Co z tym Lidlem? Co z obiecaną drogą na Magnoliowej?

W dzisiejszym wpisie, za sprawą maila od czytelniczki wąsatego bloga, wracam do sprawy budowy marketu Lidl w Łęcznej. Swojego czasu w pewnej „wycieraczkowej” gazecie ukazał się artykuł, w którym mogliśmy wyczytać, że w zamian za pozwolenie na budowę marketu, na ulicy Magnoliowej powstanie droga.
„Było to logiczne bo część klientów mogłaby tędy jeździć po zakupy. Niestety jak się okazało była to tylko obietnica. Lidl buduję się pełną parą, a burmistrz twierdzi że na szosę nie ma pieniędzy. Efekt jest taki że cały zbędny gruz z budowy dziś koparki sypią na ul. Magnoliową” – złości się czytelniczka.

Super… budowlańcy nie muszą nawet płacić za ciężarówkę, pozbywają się zbędnego gruzu na gminną drogę. Kto w przyszłości wywiezie to z drogi i za czyje pieniądze – pyta retorycznie.

W dzisiejszych czasach w centrum miasta (patrząc na stawki podatków i inne opłaty dość bogatego miasta) robi się drogę z gruzu budowlanego. Po tej nieoświetlonej drodze, proponuję przejść burmistrzowi, najlepiej z dzieckiem w wózku lub spacerówce
– kończy „mieszkanka osiedla ze średniowiecza”.

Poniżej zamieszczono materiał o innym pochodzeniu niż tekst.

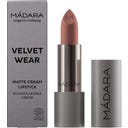 MÁDARA Organic Skincare Velvet Wear Matte Cream Lipstick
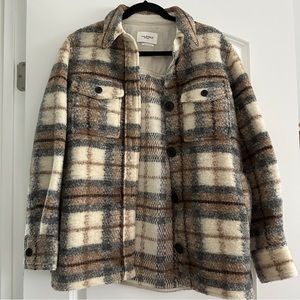 Isabel Marant Plaid Jacket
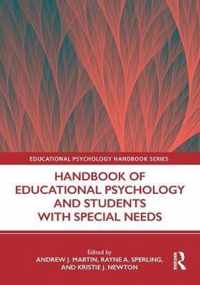 Handbook of Educational Psychology and Students with Special Needs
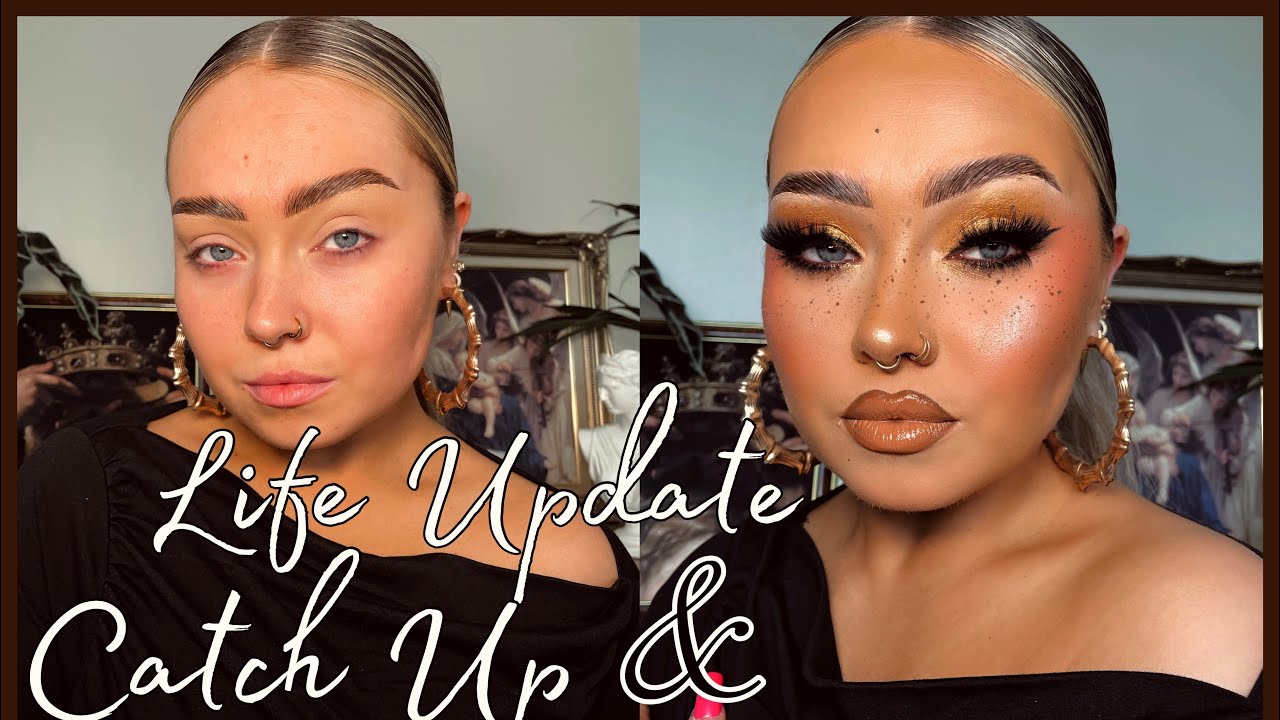 Chill GRWM | Wedding Plans Cancelled.. Going to America + Starting the Gym 💕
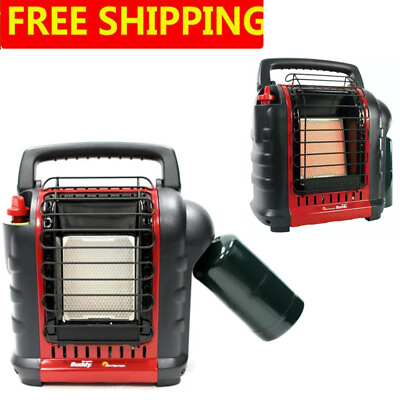 #ad Portable Heater 9000 BTU Liquid Propane Gas Heater Recreational 225 sq. ft.MH9BX $115.50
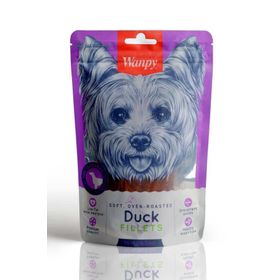 Wanpy Oven Roasted Gerçek Ördek 100 gr Köpek Ödülü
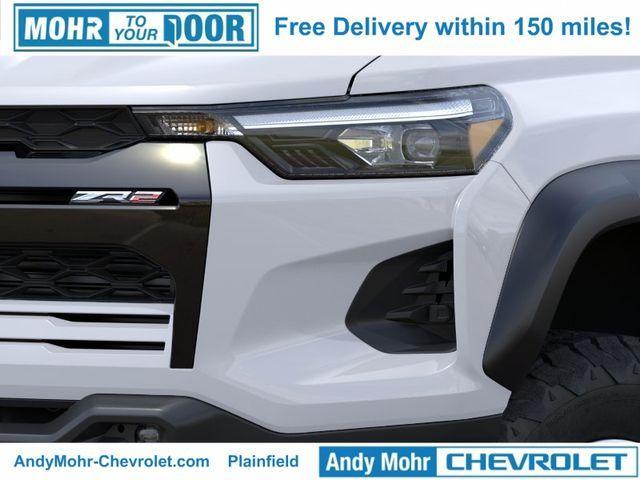 new 2026 Chevrolet Colorado car, priced at $52,005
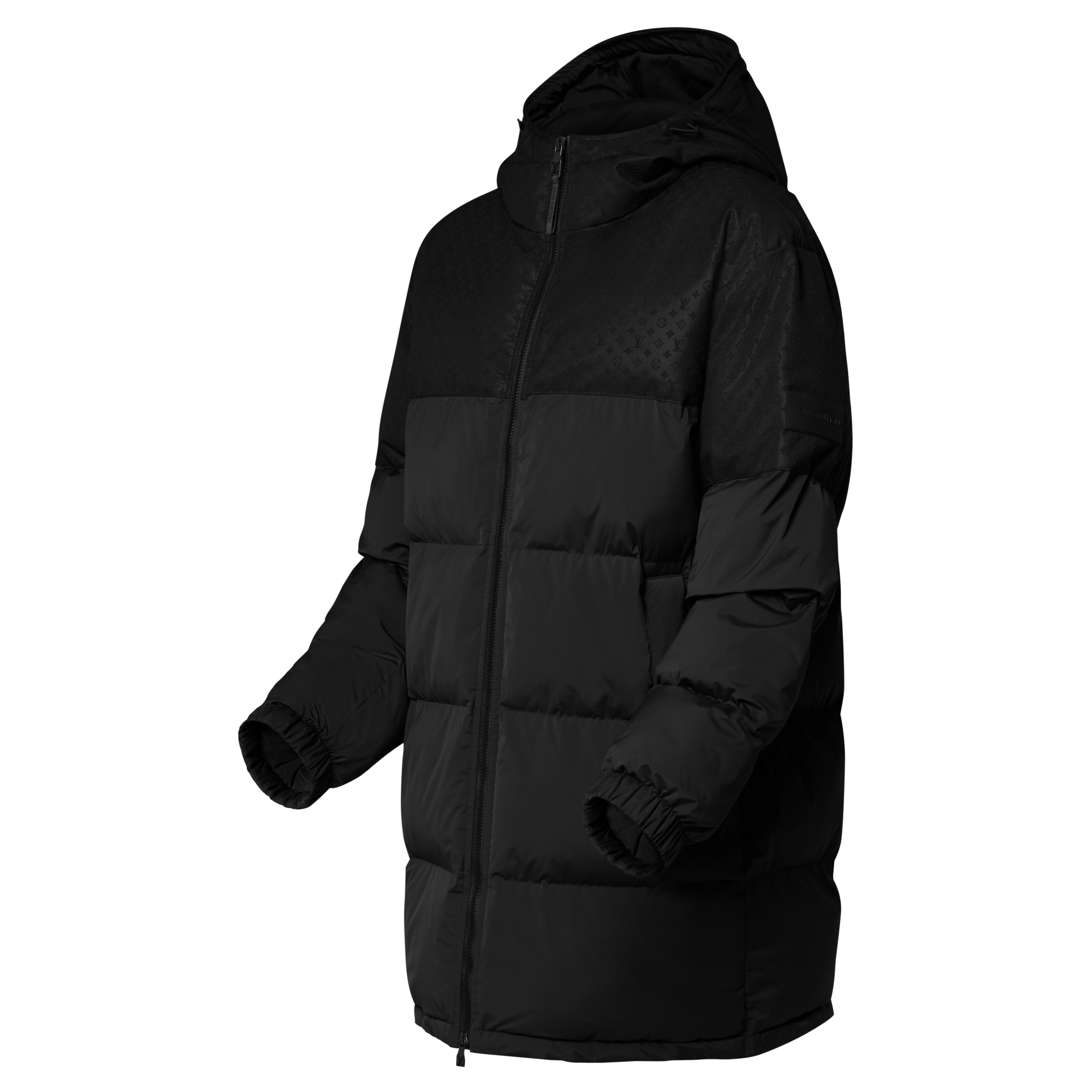 Mit Ecodown© gefüllter Parka mit Monogram-Motiv  Herren Ready to Wear Jacken und Mäntel | LOUIS VUITTON (Zoom)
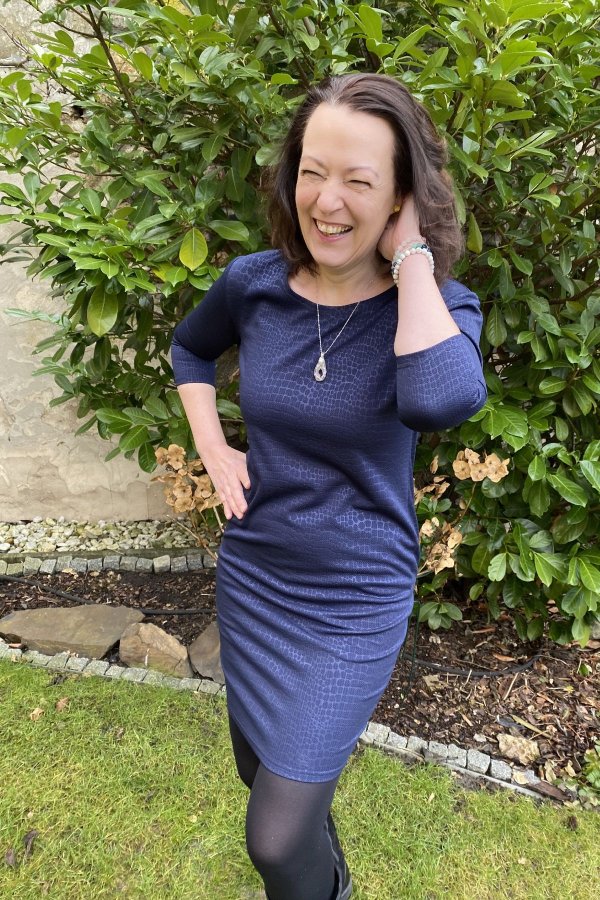 Stela - zvířecí vzor - modré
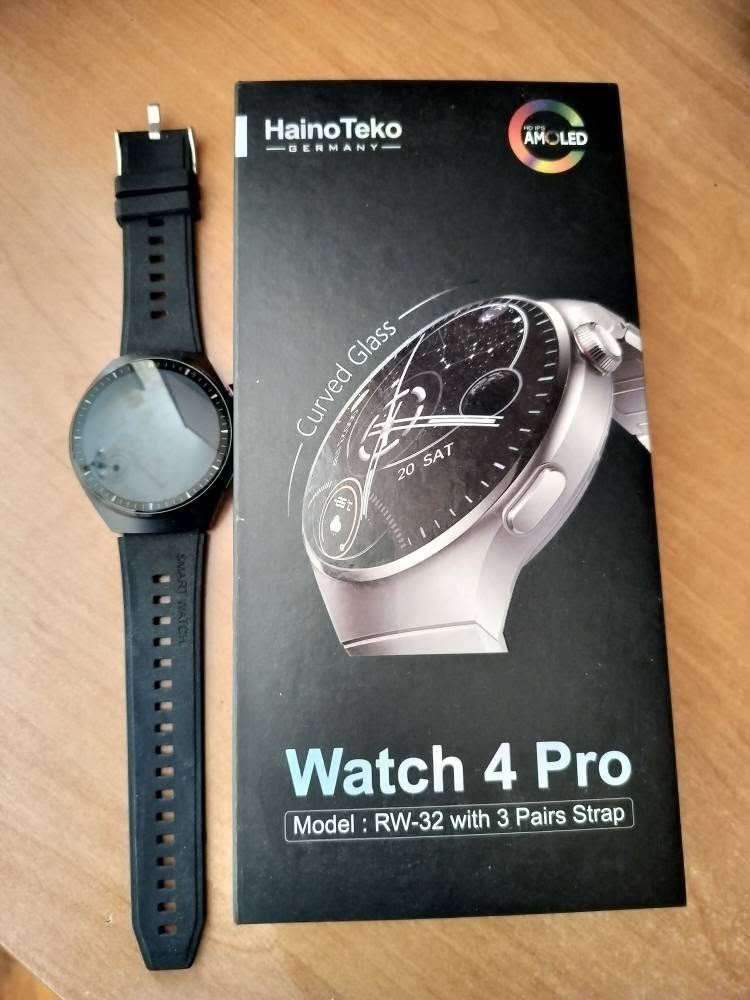 Haino Teko Watch 4 Pro სმარტ საათი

Mój komentarz będzie krótki. Mam nadzieję, że radni zapytają o tą sprawę podczas najbliższej sesji. Nie dziwię się, że tak wygląda inwestycja w mieście zarządzanym przez „specjalistę” od ścieżek dla zajęcy. Dziwi mnie natomiast fakt, że pozwala on sobie na takie zagrania na chwilę przed wyborami. Być może pogodził się z losem…

Udostępnij ten wpis!

6 przemyślenia na temat „Co z tym Lidlem? Co z obiecaną drogą na Magnoliowej?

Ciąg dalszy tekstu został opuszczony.